WHAT IS EXPECTED
In the entries below, find the line with "Asymmetrical A Line" and the line with "Bow Pattern Pink". Return those two lines and all lines between them, exactly.

[Collected data]
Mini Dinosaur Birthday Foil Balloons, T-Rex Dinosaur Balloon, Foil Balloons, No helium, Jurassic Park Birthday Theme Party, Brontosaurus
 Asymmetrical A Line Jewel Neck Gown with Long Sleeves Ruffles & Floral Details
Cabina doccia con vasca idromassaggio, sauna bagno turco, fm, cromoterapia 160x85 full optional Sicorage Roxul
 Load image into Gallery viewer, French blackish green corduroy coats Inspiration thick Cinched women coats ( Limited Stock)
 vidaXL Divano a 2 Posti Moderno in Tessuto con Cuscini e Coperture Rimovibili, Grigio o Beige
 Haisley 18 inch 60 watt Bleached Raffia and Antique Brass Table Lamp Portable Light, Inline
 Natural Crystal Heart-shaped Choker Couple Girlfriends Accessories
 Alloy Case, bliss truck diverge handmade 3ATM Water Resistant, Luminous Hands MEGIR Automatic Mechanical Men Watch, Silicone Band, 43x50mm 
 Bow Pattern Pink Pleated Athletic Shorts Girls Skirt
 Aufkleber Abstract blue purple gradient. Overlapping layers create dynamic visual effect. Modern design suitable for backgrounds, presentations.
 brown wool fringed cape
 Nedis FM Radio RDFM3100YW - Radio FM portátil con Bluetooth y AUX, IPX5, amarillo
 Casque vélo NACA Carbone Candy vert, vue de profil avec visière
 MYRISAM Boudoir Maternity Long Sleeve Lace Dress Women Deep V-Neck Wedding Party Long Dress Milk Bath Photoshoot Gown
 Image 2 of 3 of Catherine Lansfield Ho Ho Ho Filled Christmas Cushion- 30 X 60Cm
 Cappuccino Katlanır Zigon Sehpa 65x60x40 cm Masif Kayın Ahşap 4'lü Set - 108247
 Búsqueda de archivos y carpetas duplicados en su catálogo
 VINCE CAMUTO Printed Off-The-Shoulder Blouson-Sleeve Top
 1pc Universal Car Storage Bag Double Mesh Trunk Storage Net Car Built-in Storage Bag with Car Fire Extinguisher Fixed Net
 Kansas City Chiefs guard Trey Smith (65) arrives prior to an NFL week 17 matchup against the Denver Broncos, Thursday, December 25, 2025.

OUTPUT
 Asymmetrical A Line Jewel Neck Gown with Long Sleeves Ruffles & Floral Details
Cabina doccia con vasca idromassaggio, sauna bagno turco, fm, cromoterapia 160x85 full optional Sicorage Roxul
 Load image into Gallery viewer, French blackish green corduroy coats Inspiration thick Cinched women coats ( Limited Stock)
 vidaXL Divano a 2 Posti Moderno in Tessuto con Cuscini e Coperture Rimovibili, Grigio o Beige
 Haisley 18 inch 60 watt Bleached Raffia and Antique Brass Table Lamp Portable Light, Inline
 Natural Crystal Heart-shaped Choker Couple Girlfriends Accessories
 Alloy Case, bliss truck diverge handmade 3ATM Water Resistant, Luminous Hands MEGIR Automatic Mechanical Men Watch, Silicone Band, 43x50mm 
 Bow Pattern Pink Pleated Athletic Shorts Girls Skirt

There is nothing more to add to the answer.